Java Ecosystem, Kotlin, Distributed Systems, Sociology of Software Development

Kotlin and MongoDB, a Perfect Match

Posted on Sep 25, 2018

MongoDB’s dynamic schema is powerful and challenging at the same time. In Java, a common approach is to use a object-document mapper to make the schema explicit in the application layer. Kotlin takes this approach even further by providing additional safety and conciseness. This post shows how the development with MongoDB can benefit from Kotlin and which patterns turned out to be useful in practice. We’ll also cover best practices for coding and schema design.

Kotlin and MongoDB, a Perfect Match

TL;DR

  • MongoDB’s dynamic schema is powerful, but it can lead to more mistakes. In order to maintain safety, it’s even more important to make the schema explicit and enforced in the application layer by:
    • Using a statically typed language
    • Using object-document mapping (ODM)
  • Kotlin nicely completes this approach:
    • Null-aware types to model optional fields
    • Powerful means to easily handle null/optional fields
    • Immutable properties. So we can’t forget to provide required fields.
    • Increased awareness in the team for optional fields
    • Data classes to easily create immutable and maintainable data structures for the object-document-mapper
    • Coroutines enable using the non-blocking driver without fiddling with callbacks
    • The existing object-document mappers are seamlessly supporting immutable data classes
  • Best Practices:
    • When adding or removing a field it’s usually better to update all documents in order to avoid nullable types.
    • Use tailored data classes for projections.
    • Wrap optional fields in an additional optional data class. This way, the fields within the data class can be non-nullable.
    • Nested objects with constants are useful to intuitively access the document’s fields.
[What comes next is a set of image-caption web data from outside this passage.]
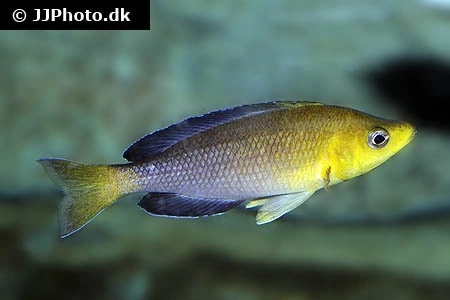Cyprichromis leptosoma yellow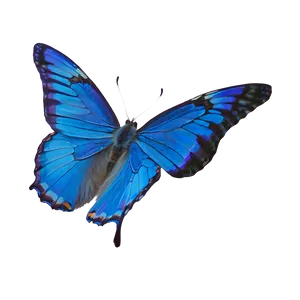 Blue Butterfly In Flight PNG 21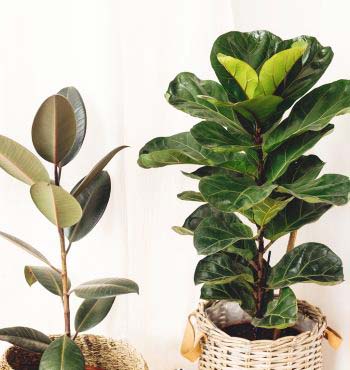 types of Ficus Plants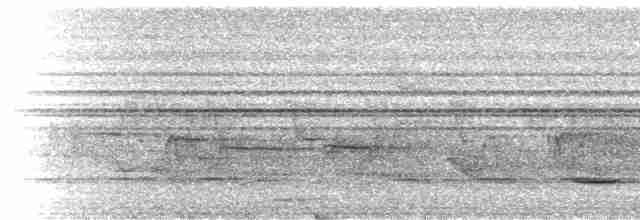 Kapschnäpper [erythrophthalma-Gruppe] - ML524079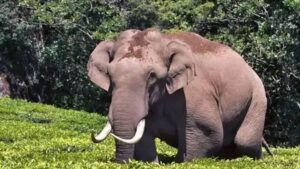 ഇടുക്കി ജില്ലാ ദുരന്തനിവാരണ അതോറിറ്റി ചെയർപേഴ്‌സണും ജില്ലാ കലക്ടറുമായ ഡോ.ദിനേശൻ ചെറുവാട്ട് പുറപ്പെടുവിച്ച പുതിയ ഉത്തരവ് വിവാദത്തിലേക്ക്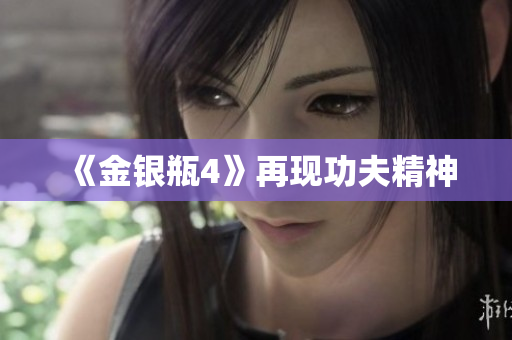 《金银瓶4》再现功夫精神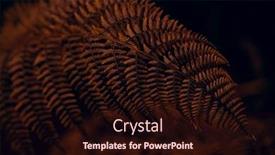  Presentation with faded - Presentation theme enhanced with dark-moody-faded-autumn-leaf background and a wine colored foreground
The Status Quo of Dealing with MongoDB’s Dynamic Schema in Java

MongoDB is not schemaless. There is always a schema, but it’s dynamic and not enforced by the database. This makes MongoDB very flexible and adaptive. However, there is the danger of losing track of the schema and its variations. We may end up in “field undefined” errors, error-prone string concatenations, wrong types, and typos. What’s the solution?

A statically typed language and object mapping.

We map the documents to objects which are instances of a class with a statically defined structure. This way, the compiler guides us during reading and writing the values. This approach provides a (type-)safe way of using MongoDB and makes the schema explicit, enforced, (kind of) validated and documented in the application layer.

So that’s all great but nothing new. We’re already using this approach in Java for a while now. However, Kotlin can extend and improve this approach even further!

Nullability

Null-Aware Types

Even when we use Java and object mapper, we still have the challenge to keep track of the optional fields. Especially after the database model has grown over some years and same team member have left and a new one joined.

// Java
public class Design {
    private String name; // can name be null? 
    private Statistics statistics; // can statistics be null?

    // getter & setter boilerplate
}

It’s likely to run into the infamous NullPointerExceptions:

int likes = design.getStatistics().getLikeCount() // NPE because statistics is null in some cases! 

Annotations like @Nullable help here, but they are not enforced by the compiler and maintaining them is easy to forget.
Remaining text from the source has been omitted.